Gus Thoriq: Santri dan Pemuda Harus Menjaga Nilai Sejarah dan Kebudayaan.

- Redaksi

Selasa, 28 Oktober 2025 - 11:20 WIB

facebook twitter whatsapp telegram line copy

URL berhasil dicopy

facebook icon twitter icon whatsapp icon telegram icon line icon copy

URL berhasil dicopy

KABUPATEN MALANG, NGALAMUTAS.COM – Dalam rangka memperingati Hari Sumpah Pemuda dan momentum refleksi Hari Santri, DPC GMNI Kabupaten Malang menggelar Seminar Kebangsaan dengan tema “Merawat Spirit Santri dan Semangat Pemuda: Meneguhkan Persatuan untuk Indonesia Berdaulat” di Aula Kediaman Drs. Peni Suparto, M.A.P., Jatirejoyoso, Kepanjen, Kabupaten Malang, Selasa (28/10/2025).

Kegiatan ini menjadi wadah penting bagi generasi muda dan kaum santri untuk memperkuat nilai-nilai nasionalisme di tengah derasnya arus globalisasi dan digitalisasi.

Hadir sebagai narasumber utama, KH. Thoriq bin Ziyad, S.Pd.I., Inisiator Hari Santri Nasional, Presiden Direktur Kantor Hukum Yustitia Indonesia (KHYI) Dwi Indrotito Cahyono, S.H., M.M., dan Mantan Wali Kota Malang, Peni Suparto, M.A.P.

Dikesempatan ini, KH. Thoriq bin Ziyad memaparkan tentang sejarah penyebaran Islam di Nusantara yang berlangsung secara damai dan berperadaban.

Ia juga menjelaskan bahwa kerajaan Demak Bintoro menjadi tonggak awal sistem Islam yang dipilih dan diterima masyarakat Jawa.

Kemudian disinggung sosok Sunan Giri yang memiliki peran besar dalam pendidikan Islam di masa awal Nusantara.

“Kerajaan Demak Bintoro menjadi tonggak awal sistem Islam yang dipilih dan diterima masyarakat Jawa. Dari sinilah muncul perwalian, seperti Wali Songo, yang menyebarkan Islam bukan lewat peperangan, tapi lewat proses sosial yang penuh kebijaksanaan,” tutur Gus Thoriq sapaan akrabnya.

Gus Thoriq menekankan pentingnya nilai sejarah dan kebudayaan dalam membangun bangsa.
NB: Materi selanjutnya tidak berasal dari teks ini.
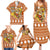 Basketball Santa Claus Christmas Family Matching Summer Maxi Dress and Hawaiian Shirt Xmas Holiday Patterns - Wonder Print Shop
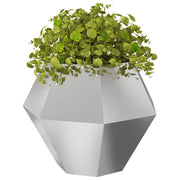 Vidaxl plantenbak 2 st zilver 100 x 100 x 80 cm roestvrij staal - afbeelding 3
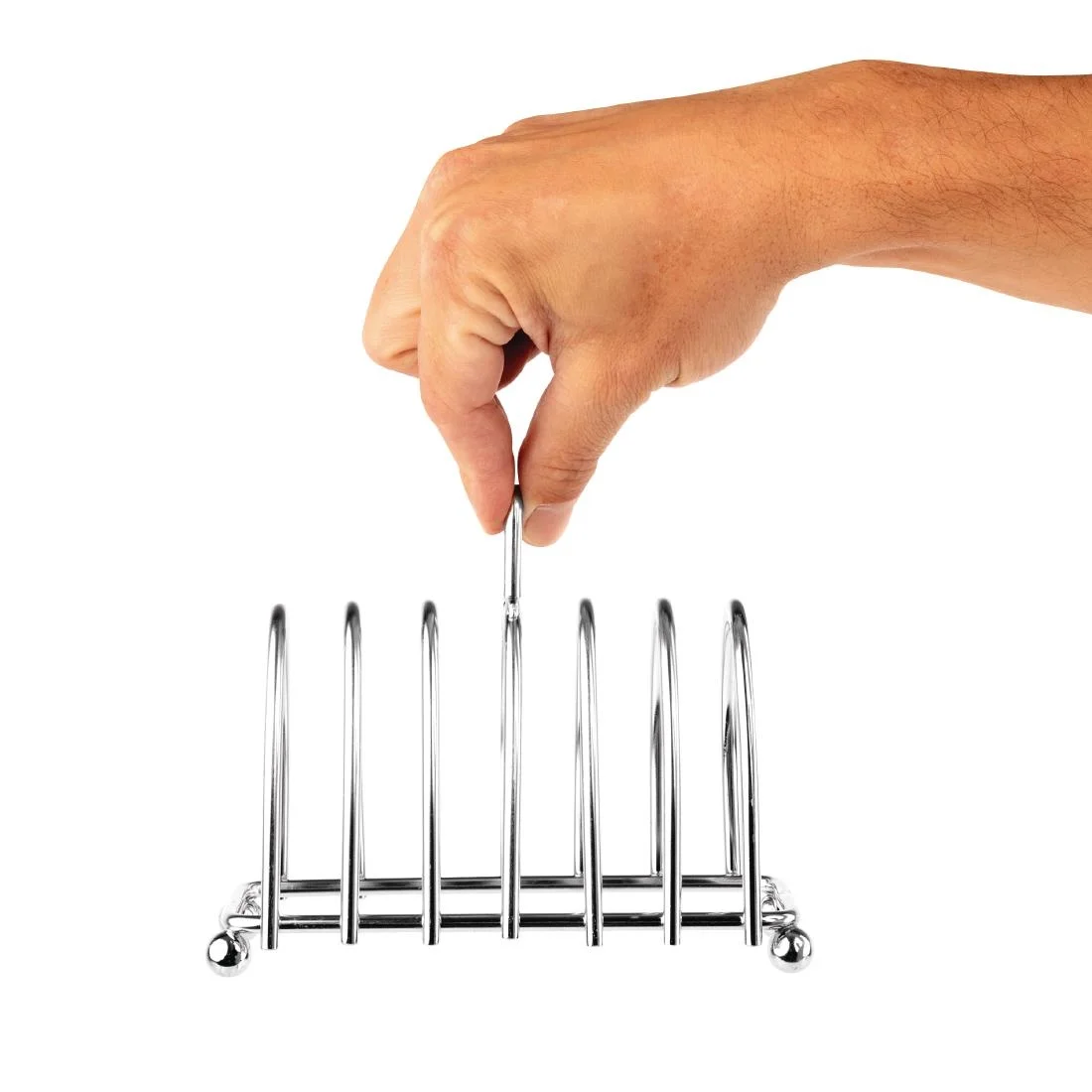 Olympia Wire Toast Rack 6 Slice - Image 4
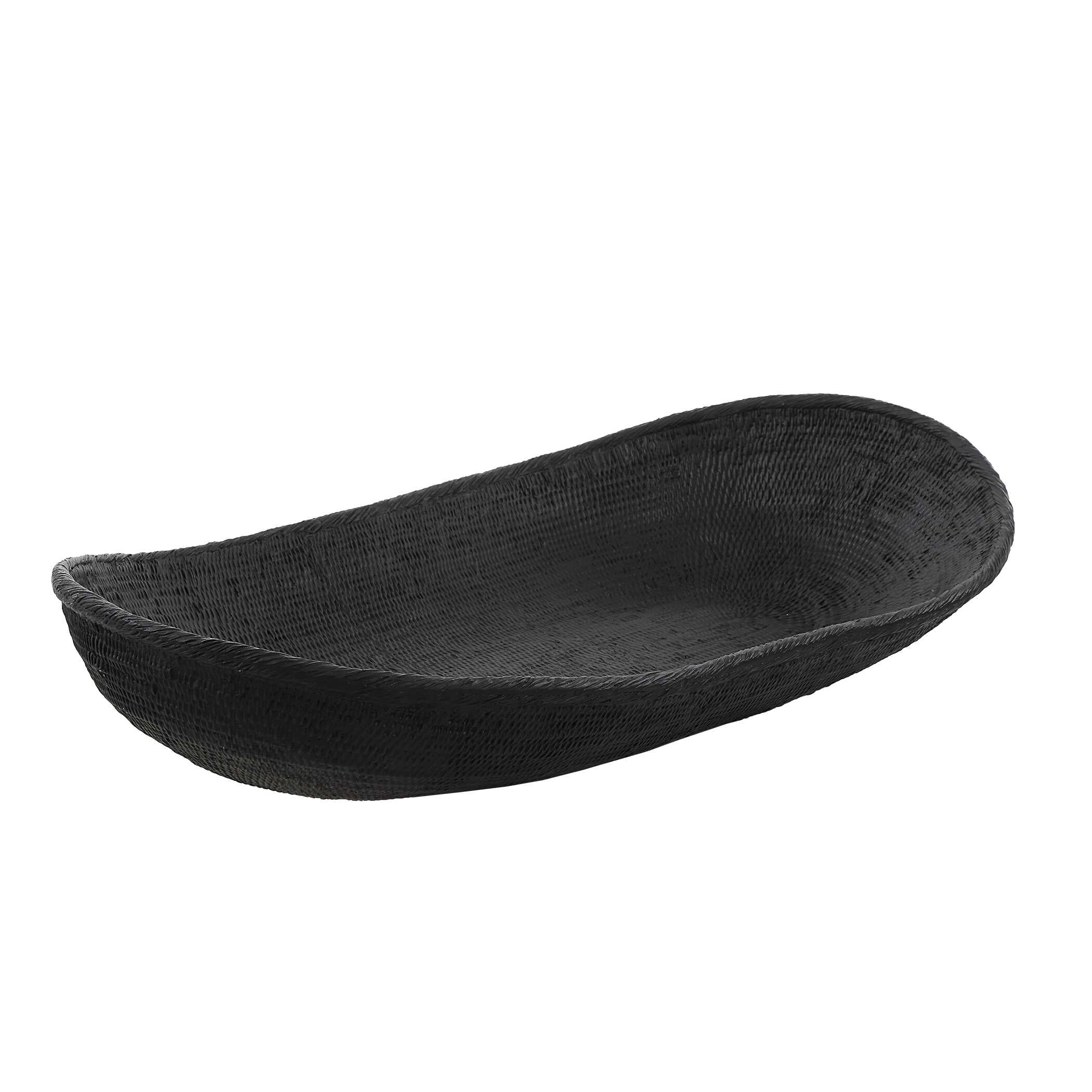 Uttermost Ember Weave Indoor-Outdoor Oblong Bowl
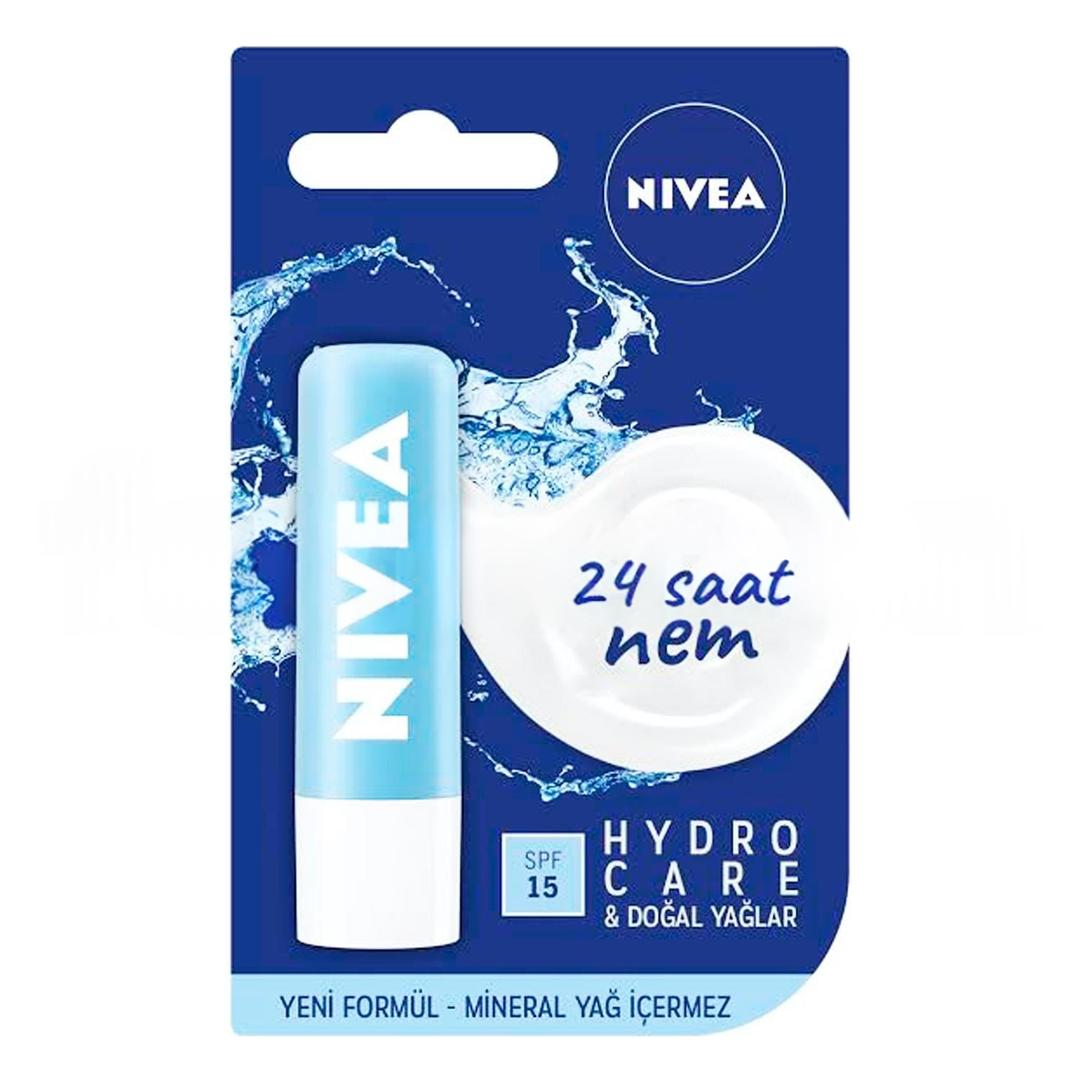Nivea Lip Stick Hydro Care SPF15 24 Saat Nem - Eski Ambalaj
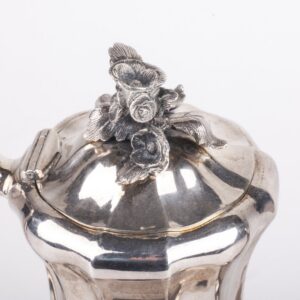 Russian silver coffee pot KJ — image 2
Ia menuturkan kisah bagaimana Bung Karno menunjukkan kecerdasan diplomasi spiritualnya dengan menolak undangan ke Rusia hingga ditemukan makam Imam Bukhari di Uzbekistan.

“Bung Karno menunjukkan betapa pentingnya warisan spiritual Islam bagi bangsa Indonesia. Ia tidak hanya berpikir politik, tapi juga menjaga hubungan dengan dunia Islam lewat nilai sejarah dan kebudayaan,” jelasnya.

Ditekankan bahwa santri dan pemuda memiliki peran strategis dalam menjaga moral, kebudayaan, dan kedaulatan bangsa.

Selain itu, Ia mengajak seluruh generasi muda untuk meneladani nilai perjuangan para ulama dan leluhur, serta tetap berpegang pada prinsip keislaman dan kebangsaan di tengah gempuran budaya global.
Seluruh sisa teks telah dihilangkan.